--- What you need to do ---
Look below for the line that has "Ein Mann hält". Set down the lines from there through the line that has "a patio with", exactly as written.

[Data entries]
------------

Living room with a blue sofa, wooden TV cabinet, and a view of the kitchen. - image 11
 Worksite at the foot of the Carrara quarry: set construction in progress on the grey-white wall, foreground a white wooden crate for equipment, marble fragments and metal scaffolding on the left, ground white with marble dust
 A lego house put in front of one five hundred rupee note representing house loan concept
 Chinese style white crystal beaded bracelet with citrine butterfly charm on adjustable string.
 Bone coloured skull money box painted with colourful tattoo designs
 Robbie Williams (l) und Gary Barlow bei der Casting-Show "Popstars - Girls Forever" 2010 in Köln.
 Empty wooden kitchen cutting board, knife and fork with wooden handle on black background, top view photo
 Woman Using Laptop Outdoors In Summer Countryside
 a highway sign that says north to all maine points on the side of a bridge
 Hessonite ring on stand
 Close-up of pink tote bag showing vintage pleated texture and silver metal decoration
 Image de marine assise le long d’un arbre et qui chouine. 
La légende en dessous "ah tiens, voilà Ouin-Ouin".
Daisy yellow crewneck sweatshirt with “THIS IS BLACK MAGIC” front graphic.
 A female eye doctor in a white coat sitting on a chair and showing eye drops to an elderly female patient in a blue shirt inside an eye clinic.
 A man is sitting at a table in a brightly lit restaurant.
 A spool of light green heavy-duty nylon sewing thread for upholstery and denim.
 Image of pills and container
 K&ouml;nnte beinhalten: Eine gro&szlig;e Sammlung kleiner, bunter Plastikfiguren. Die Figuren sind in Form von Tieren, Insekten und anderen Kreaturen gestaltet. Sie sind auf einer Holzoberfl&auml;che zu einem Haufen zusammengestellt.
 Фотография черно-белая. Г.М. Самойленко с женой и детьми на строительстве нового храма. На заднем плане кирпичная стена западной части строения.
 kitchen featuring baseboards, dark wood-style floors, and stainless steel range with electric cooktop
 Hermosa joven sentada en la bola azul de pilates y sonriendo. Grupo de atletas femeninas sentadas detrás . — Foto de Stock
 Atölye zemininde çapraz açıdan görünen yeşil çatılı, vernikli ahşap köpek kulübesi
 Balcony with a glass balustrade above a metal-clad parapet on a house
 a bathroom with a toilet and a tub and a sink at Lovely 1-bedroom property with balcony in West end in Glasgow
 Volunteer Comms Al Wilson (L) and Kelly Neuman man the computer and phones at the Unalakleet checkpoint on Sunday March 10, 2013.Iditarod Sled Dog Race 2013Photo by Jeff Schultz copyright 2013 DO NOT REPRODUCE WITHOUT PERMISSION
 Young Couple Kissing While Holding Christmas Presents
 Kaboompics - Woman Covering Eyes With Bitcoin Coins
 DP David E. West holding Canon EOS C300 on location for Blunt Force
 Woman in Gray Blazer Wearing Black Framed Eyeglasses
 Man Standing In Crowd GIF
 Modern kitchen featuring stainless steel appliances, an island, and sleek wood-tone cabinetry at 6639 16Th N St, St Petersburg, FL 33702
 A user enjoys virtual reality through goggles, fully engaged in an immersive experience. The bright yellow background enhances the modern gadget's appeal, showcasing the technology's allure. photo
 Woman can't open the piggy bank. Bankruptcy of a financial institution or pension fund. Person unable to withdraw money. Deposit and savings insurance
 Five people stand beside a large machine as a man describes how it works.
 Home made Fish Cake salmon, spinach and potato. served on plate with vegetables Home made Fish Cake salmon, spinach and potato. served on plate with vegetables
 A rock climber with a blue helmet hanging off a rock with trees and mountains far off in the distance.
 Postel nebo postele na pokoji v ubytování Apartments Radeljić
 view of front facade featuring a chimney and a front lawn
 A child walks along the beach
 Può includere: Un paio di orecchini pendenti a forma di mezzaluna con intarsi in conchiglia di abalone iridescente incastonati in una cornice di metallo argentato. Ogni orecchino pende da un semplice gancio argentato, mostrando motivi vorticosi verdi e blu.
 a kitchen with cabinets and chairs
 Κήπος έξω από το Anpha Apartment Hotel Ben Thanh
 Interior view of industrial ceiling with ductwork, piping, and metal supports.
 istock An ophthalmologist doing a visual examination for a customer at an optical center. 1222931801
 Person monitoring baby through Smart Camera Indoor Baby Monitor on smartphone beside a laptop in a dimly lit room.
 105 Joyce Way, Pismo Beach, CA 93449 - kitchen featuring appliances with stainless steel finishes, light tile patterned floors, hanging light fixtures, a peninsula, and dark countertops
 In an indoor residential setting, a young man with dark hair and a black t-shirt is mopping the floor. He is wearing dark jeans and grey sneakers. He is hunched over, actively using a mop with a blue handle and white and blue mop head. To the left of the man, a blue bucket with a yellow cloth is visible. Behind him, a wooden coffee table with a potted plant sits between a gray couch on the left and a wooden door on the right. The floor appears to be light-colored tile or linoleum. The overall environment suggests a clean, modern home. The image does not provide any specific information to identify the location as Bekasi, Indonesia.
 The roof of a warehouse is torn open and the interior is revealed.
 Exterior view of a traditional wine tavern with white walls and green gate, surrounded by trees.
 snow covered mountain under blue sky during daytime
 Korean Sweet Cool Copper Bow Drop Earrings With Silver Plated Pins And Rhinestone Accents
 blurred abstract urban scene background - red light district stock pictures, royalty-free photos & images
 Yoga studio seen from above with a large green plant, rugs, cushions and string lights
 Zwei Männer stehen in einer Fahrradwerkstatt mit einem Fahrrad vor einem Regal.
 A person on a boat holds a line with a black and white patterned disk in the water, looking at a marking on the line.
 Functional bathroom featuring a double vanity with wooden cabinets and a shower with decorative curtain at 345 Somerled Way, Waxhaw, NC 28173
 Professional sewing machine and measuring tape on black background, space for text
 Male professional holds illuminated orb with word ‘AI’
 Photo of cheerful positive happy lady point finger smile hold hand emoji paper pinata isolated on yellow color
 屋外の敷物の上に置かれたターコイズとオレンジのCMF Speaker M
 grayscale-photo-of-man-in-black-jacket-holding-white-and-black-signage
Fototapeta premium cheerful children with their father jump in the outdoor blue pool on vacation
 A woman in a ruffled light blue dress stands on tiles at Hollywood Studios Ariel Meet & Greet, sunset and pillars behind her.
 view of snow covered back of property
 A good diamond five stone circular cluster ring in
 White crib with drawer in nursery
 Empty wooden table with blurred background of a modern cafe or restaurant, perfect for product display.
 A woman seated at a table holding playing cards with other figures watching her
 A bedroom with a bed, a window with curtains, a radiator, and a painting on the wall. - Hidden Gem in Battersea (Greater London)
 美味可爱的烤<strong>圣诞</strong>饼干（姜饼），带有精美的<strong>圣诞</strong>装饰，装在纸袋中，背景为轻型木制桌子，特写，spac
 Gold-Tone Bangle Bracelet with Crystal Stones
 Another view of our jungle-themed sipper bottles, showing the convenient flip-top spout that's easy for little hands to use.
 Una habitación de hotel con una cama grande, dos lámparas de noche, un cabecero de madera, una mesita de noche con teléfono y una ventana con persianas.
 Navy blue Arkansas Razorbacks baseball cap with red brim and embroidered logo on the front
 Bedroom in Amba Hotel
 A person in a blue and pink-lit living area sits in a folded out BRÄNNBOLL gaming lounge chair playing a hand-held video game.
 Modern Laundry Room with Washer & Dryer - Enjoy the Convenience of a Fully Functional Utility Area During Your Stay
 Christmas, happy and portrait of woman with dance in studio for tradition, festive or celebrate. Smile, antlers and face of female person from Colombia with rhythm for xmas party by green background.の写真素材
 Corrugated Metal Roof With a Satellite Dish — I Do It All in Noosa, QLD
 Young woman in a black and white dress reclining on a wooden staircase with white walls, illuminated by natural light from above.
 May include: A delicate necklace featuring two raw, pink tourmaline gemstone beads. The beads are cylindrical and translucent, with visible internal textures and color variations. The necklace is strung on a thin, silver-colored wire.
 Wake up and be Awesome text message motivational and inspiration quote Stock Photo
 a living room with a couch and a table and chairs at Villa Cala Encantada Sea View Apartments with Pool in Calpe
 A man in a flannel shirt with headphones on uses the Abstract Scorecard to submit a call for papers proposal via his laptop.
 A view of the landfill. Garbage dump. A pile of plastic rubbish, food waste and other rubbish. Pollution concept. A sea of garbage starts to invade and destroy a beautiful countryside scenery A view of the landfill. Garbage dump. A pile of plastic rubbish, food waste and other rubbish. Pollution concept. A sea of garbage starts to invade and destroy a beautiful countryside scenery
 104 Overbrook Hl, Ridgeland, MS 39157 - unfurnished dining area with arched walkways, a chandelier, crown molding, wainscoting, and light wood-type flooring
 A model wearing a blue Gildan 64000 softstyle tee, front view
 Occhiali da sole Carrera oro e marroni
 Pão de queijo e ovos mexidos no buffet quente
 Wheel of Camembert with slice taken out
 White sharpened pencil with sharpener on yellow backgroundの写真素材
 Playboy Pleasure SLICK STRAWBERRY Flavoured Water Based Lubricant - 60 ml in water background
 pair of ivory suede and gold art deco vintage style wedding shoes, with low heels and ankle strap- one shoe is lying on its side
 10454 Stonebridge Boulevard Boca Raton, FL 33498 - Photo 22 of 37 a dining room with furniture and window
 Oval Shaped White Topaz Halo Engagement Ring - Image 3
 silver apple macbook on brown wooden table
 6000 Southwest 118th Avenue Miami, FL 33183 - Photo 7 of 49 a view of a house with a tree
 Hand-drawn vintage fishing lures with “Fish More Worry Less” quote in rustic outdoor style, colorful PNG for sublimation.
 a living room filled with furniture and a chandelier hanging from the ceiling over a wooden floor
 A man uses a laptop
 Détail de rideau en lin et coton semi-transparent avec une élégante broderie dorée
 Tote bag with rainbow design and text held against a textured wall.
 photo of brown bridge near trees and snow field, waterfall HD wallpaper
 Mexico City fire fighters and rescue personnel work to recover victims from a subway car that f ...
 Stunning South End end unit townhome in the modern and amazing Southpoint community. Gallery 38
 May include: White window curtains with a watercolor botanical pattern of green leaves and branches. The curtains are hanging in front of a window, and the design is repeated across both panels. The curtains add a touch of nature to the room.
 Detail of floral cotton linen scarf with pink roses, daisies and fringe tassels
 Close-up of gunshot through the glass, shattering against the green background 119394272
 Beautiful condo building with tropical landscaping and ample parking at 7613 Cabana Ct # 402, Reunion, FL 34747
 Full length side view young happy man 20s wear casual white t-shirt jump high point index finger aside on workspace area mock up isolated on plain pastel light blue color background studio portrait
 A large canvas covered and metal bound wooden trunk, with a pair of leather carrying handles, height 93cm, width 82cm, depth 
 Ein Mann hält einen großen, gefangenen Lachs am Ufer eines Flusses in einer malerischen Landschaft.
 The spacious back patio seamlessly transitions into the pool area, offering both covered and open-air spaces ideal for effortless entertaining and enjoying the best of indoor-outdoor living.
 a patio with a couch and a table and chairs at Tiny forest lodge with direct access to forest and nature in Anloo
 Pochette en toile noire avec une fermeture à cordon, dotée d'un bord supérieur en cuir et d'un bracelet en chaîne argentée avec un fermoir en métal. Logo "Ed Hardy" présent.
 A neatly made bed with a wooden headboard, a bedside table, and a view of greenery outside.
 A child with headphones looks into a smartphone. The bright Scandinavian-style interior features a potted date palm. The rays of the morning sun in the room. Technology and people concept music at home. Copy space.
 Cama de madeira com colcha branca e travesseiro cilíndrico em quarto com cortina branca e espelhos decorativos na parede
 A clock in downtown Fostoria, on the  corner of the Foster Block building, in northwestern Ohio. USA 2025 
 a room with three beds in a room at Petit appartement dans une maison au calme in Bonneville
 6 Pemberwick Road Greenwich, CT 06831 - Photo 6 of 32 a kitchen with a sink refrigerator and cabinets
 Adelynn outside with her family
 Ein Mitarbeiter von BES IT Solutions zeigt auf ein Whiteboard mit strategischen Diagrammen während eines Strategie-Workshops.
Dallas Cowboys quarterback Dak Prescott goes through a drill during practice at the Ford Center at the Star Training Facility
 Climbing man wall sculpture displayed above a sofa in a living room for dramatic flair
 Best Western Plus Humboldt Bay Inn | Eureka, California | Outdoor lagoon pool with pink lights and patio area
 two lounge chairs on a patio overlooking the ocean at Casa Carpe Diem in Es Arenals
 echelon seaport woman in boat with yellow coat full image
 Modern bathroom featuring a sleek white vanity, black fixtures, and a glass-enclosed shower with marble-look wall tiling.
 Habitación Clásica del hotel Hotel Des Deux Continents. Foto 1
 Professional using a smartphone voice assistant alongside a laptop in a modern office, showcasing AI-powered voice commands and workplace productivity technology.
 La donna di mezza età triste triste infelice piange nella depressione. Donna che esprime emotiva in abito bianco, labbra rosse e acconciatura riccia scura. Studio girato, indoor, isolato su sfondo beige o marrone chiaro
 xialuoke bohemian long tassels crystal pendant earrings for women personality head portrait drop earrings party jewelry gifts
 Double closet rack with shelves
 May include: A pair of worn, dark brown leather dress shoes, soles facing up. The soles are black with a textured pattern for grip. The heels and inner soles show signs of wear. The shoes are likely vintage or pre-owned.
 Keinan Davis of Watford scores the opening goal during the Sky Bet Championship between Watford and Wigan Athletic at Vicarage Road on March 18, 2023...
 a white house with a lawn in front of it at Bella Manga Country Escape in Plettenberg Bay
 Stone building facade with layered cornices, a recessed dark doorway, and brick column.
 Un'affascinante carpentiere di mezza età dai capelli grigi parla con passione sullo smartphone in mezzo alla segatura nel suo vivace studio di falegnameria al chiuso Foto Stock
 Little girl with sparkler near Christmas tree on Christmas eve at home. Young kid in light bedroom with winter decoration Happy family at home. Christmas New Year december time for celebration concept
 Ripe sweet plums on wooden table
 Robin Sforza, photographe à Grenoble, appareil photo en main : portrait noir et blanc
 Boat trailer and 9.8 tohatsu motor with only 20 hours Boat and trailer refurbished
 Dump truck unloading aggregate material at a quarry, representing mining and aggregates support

------------

--- Written response ---
 Ein Mann hält einen großen, gefangenen Lachs am Ufer eines Flusses in einer malerischen Landschaft.
 The spacious back patio seamlessly transitions into the pool area, offering both covered and open-air spaces ideal for effortless entertaining and enjoying the best of indoor-outdoor living.
 a patio with a couch and a table and chairs at Tiny forest lodge with direct access to forest and nature in Anloo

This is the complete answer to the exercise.